TVOne Pecas Ndahe
April 9, 2010 § 109 Komentar
Polisi menuduh TVOne merekayasa tayangan dengan menampilkan pria yang mengaku sebagai makelar kasus. TVOne membantah. Apa yang terjadi sebenarnya?
Itulah salah satu berita paling panas hari-hari ini. Mana yang benar, belum bisa dipastikan hingga tulisan ini dibuat. Tapi polisi sudah mengadukan TVOne ke Dewan Pers.
Versi polisi: lelaki yang disebut dengan nama Andris Ronaldi itu mengaku sudah 12 tahun berpraktek sebagai makelar kasus. Tapi setelah ditangkap dan diinterogasi, ternyata lelaki itu hanyalah tenaga out sourcing di bidang media, sebuah perusahaan media tapi bukan media TV atau surat kabar. Andris alias Roni itu ternyata juga belum pernah menginjakkan kaki di Markas Besar Polri.
Masih menurut polisi, ternyata yang bersangkutan diminta mengaku sebagai makelar kasus berdasarkan permintaan seorang presenter.
Versi TVOne: kami tidak pernah melakukan rekayasa.

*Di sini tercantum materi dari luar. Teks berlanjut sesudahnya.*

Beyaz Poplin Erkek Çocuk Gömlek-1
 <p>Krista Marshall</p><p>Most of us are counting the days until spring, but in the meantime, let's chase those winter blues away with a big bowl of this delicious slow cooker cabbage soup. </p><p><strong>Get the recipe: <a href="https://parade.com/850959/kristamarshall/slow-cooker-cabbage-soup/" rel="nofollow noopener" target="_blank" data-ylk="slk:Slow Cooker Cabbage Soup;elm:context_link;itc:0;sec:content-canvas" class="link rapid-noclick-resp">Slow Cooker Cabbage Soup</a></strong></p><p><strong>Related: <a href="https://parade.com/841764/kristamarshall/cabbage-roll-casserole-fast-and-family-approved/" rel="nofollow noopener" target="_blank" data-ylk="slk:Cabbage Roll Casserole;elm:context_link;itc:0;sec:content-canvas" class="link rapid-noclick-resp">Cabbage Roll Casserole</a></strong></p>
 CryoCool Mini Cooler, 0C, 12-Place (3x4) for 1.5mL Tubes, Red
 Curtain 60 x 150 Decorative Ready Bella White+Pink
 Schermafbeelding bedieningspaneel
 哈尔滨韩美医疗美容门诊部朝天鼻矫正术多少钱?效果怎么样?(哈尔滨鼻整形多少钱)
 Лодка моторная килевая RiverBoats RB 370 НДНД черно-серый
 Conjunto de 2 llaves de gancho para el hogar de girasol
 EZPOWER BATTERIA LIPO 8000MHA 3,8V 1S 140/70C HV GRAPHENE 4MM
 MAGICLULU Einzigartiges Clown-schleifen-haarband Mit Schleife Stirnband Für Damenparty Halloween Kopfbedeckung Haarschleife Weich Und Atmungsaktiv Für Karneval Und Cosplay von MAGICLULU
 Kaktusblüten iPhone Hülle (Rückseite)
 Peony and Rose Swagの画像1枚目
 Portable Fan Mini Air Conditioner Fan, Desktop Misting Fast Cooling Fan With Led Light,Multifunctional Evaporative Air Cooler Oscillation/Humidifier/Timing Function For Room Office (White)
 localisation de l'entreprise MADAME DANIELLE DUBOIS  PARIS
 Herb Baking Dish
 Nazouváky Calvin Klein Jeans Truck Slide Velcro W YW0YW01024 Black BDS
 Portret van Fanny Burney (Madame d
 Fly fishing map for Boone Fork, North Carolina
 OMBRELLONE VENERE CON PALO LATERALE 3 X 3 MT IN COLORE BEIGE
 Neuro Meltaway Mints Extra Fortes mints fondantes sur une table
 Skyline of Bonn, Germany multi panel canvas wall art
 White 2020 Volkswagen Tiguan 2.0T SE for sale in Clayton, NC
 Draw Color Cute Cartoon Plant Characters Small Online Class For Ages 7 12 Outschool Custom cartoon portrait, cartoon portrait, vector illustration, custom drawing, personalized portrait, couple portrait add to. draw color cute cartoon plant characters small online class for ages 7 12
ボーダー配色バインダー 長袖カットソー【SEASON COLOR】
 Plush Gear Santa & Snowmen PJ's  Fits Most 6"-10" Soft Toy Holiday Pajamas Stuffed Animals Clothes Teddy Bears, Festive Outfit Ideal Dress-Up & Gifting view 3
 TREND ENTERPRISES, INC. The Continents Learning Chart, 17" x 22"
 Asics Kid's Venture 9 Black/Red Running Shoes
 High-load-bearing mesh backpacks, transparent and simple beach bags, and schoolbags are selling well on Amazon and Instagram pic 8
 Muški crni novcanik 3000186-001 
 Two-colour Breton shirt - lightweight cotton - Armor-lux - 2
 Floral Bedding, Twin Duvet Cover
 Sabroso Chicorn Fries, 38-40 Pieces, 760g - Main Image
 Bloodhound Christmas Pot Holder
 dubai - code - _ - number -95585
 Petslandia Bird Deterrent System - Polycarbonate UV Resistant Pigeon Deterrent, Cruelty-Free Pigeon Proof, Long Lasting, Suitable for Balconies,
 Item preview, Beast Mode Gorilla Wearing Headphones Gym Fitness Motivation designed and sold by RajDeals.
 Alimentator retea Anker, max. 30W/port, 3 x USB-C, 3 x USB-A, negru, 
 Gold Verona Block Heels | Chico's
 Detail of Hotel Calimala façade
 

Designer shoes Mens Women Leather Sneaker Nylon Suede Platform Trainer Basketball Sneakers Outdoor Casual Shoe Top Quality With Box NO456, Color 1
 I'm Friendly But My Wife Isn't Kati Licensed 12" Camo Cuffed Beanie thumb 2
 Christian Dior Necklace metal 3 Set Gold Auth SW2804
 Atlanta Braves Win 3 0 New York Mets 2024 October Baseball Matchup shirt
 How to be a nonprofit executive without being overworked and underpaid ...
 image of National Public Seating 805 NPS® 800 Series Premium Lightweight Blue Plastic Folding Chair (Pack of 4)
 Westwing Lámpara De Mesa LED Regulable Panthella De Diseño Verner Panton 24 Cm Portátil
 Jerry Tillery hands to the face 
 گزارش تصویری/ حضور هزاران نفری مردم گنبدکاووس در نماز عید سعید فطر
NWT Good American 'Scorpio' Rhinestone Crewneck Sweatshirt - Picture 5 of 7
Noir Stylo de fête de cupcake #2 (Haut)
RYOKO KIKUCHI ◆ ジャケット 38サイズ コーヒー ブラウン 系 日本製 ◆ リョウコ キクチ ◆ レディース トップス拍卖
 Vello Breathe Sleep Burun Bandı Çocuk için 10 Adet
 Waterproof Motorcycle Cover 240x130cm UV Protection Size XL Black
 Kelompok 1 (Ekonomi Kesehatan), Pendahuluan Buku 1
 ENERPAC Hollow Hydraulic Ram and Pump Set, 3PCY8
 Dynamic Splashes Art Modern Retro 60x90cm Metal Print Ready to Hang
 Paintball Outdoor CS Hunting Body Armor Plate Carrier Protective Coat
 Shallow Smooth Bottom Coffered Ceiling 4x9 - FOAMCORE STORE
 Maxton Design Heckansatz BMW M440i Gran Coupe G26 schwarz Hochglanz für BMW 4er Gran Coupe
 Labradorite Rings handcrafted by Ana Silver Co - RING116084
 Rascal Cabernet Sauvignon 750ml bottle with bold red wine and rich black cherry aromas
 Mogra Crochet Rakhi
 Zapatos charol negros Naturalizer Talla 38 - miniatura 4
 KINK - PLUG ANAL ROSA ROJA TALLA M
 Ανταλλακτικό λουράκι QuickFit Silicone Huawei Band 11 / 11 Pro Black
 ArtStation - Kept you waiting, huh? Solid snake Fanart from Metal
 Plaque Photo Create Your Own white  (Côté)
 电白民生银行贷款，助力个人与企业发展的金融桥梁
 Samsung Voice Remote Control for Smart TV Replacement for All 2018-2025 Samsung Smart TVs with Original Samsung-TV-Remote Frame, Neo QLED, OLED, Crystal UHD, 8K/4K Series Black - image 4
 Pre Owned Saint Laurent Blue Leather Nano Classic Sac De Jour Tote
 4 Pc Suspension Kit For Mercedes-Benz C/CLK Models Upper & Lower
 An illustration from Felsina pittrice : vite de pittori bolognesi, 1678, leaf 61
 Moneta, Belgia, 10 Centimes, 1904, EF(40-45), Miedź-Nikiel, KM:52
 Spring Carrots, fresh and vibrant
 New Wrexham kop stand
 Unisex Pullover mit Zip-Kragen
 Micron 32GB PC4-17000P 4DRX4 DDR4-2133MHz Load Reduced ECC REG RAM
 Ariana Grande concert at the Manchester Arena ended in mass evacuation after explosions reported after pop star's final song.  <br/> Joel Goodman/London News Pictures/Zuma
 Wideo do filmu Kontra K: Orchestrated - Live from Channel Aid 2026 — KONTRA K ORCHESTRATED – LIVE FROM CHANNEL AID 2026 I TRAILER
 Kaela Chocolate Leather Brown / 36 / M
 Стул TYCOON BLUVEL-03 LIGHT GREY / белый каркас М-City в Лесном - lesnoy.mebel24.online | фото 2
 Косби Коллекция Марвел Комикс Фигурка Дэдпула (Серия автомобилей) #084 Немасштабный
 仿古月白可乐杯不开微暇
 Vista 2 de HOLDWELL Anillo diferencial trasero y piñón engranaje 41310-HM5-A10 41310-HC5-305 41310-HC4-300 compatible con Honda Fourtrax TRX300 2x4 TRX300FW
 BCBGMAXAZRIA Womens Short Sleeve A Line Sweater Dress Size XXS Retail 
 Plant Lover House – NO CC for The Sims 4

Rekayasa itu tentu tidak boleh.
TVOne juga belum mengetahui apakah pria yang dibekuk oleh Mabes Polri karena mengaku sebagai markus tersebut adalah orang yang menjadi narasumber TVOne waktu itu.
TVOne menyatakan akan tetap menghormati apa yang sudah disampaikan dan dilakukan Mabes Polri.
Versi saya: tidak mudah menilai kasus ini tanpa bukti yang memadai. Apalagi buru-buru menjatuhkan vonis bersalah kepada salah satu pihak.
Yang jelas, wartawan itu bekerja berdasarkan koridor Undang-Undang nomor 40 tahun 1999 tentang Pers, pasal 1. Disebutkan di situ bahwa “karena profesinya, wartawan memiliki hak tolak untuk mengungkapkan nama dan atau identitas lainnya dari sumber berita yang harus dirahasiakannya.”
Dengan demikian, TVOne memang berhak tak mengatakan apakah orang yang ditangkap oleh polisi itu narasumbernya atau bukan. Hak ini dijamin oleh undang-undang.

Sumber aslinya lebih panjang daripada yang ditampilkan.